Combined average of AUC and AP scores. CPC denotes the average performance onthe three datasets; Cora, Pubmed, and Citseer
| Models | CPC | FB15k | FB15k-237 |
|---|---|---|---|
| GraphStar | 0.969 | ||
| mrGraphStar | 0.928 | 0.983 |
Below are the results presented by the graph_star_team.

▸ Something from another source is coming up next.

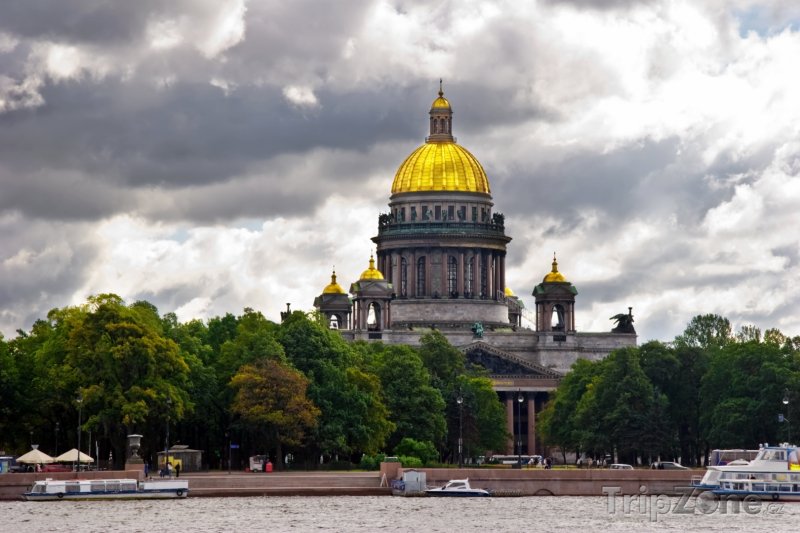 Fotka, Foto Petrohrad, katedrála sv. Izáka (Rusko)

| Models | Cora (Acc) | Citeseer (Acc) | Pubmed (Acc) |
|---|---|---|---|
| GCN | 0.815 | 0.703 | 0.790 |
| GAT | 0.830 | 0.725 | 0.790 |
| SGC | 0.806 | 0.714 | 0.770 |
| MTGAE | 0.790 | 0.718 | 0.804 |
| LGCN | 0.833 | 0.730 | 0.795 |
| GraphStar | 0.821(0.012) | 0.71(0.021) | 0.772(0.011) |
| Models | PPI (F1-Micro) |
|---|---|
| GraphSage | 0.612 |
| GAT | 0.973 |
| LGCN | 0.772 |
| JK-Dense LSTM | 0.500 |
| GaAN | 0.987 |
| GraphStar | 0.994(0.001) |
| Models | IMDB (Acc) |
|---|---|
| oh-LSTM | 0.941 |
| L Mixed | 0.955 |
| BERT large finetune UDA | 0.958 |
| GraphStar | 0.960(0.001) |
| Models | Enzymes | D&D | Proteins | Mutag |
|---|---|---|---|---|
| Seal-Sage | - | 0.809 | 0.772 | - |
| Diff Pool | 0.625 | 0.806 | 0.763 | - |
| CAPS GNN | 0.574 | 0.754 | 0.763 | 0.867 |
| GraphStar | 0.671(0.0027) | 0.796(0.005) | 0.779(0.008) | 0.912(0.021) |
| Models | R8 | R52 | 20NG | MR | Ohsumed |
|---|---|---|---|---|---|
| Bi-LSTM | 0.963 | 0.905 | 0.732 | 0.777 | 0.493 |
| fastText | 0.961 | 0.928 | 0.794 | 0.751 | 0.557 |
| TextGCN | 0.9707 | 0.9356 | 0.8634 | 0.7674 | 0.6836 |
| SGCN | 0.9720 | 0.9400 | 0.8850 | 0.7590 | 0.6850 |
| GraphStar | 0.974(0.002) | 0.950(0.003) | 0.869(0.003) | 0.766(0.004) | 0.642(0.006) |
| Models | Cora | Citeseer | Pubmed |
|---|---|---|---|
| MTGAE | 0.946 | 0.949 | 0.944 |
| VGAE | 0.920 | 0.914 | 0.965 |
| GraphStar | 0.959(0.003) | 0.977(0.003) | 0.970(0.001) |
This code is based on the graph_star_team's work, which is based on Pytorch_geometry's work, so we would like to thank all the previous contributors here.